American Beautyberry: A Showstopper Native Plant

The American Beautyberry (Callicarpa americana) is like no other plant I’ve seen. In place of bright blooms, it sports bright purple berries in beautiful clusters that line its stems starting late summer.

Just when flowering plants are looking frazzled at the end of summer, Beautyberry is getting ready to shine!

American Beautyberry bush with purple berries
Clusters of bright purple berries on the American Beautyberry bush (Image source: Canva.com)

Not only is this native shrub fun to look at, it is a great way to invite song birds into your yard. They love eating the berries of this deciduous shrub.

Looking for more shade-loving plants like Beautyberry? Start by downloading my free printable PDF of the Top 10 Texas Shade Plants.

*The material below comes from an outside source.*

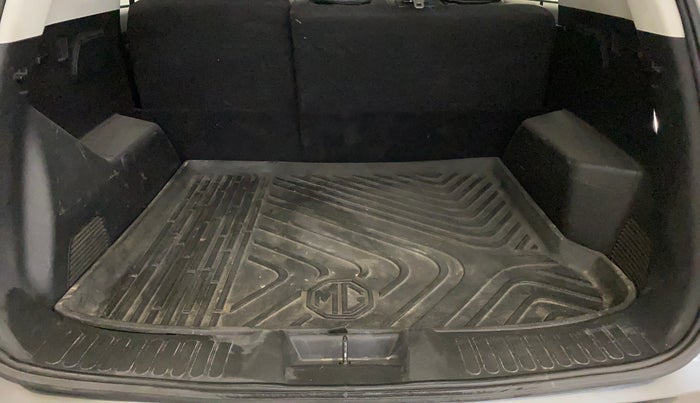 2022 MG HECTOR SHINE 2.0 DIESEL TURBO MT, Diesel, Manual, 36,618 km, Boot Inside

You can take this handy one-pager with you to the plant nursery.

7 Reasons to Add an American Beautyberry to Your Yard

1. It is a great plant for wildlife gardening

When it comes to adding plants in my yard, I’m always looking for those that benefit more than just me. I love that the berries provide an important food source for different species of birds and small mammals.

Here in Texas, the Mockingbird is especially fond of the purple berries. According to Audubon, the American Beautyberry is a surefire way to attract migrating warblers too!

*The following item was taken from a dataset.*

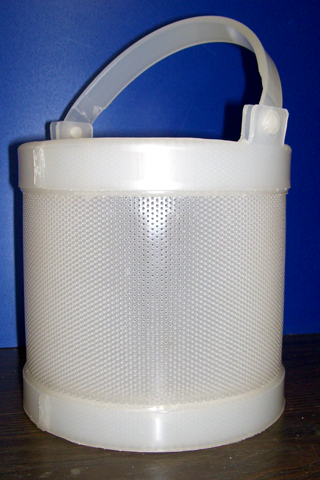 8x8 PP Perforated Basket with PP Handle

2. The berries provide a beautiful contrast in the garden

When planning out a garden, most of us think about getting color from flowering plants. But I love that the color in this plant comes from berries and not blooms. Beautyberry shrubs have tiny white flowers in early summer, but the real show is its prominent clusters of deep magenta berries.

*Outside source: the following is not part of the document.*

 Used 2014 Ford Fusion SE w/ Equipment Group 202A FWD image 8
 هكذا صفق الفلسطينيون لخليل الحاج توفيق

The beautiful fruit really “pop” against its bright green leaves through late fall!

Sprawling beautyberry leaves
Sprawling Beautyberry bushes (Image source: Canva.com)

I first saw Beautyberry in one of my neighbor’s beds along the sidewalk. The berries that appeared in the fall stopped me in my tracks. I had never seen anything like it!

3. It does well in yard with shade trees

Beauty berry is naturally an understory plant. You’ll find it growing in wooded areas in nature. My dad has them growing in the forested/swampy areas around his home in rural Florida.

Beautyberry loves dappled sunlight or partial shade. This is a great plant to put in a yard with shade trees where full sun plants can’t thrive.

4. The large plant is a great focal point in a bed

Beautyberry can get big. Typically 4-5 feet, but up to 9 feet in some cases. You want to give it room to grow and spread out those gorgeous draping branches.

Make it a focal plant in your garden or place it at the back of a border with plenty of room to grow. You can also grow it in mass plantings in a shady area.

5. American Beautyberry isn’t picky about its soil

Beautyberry prefers moist, well-drained soil. As long as you don’t let the soil completely dry out it should be content in a variety of soils.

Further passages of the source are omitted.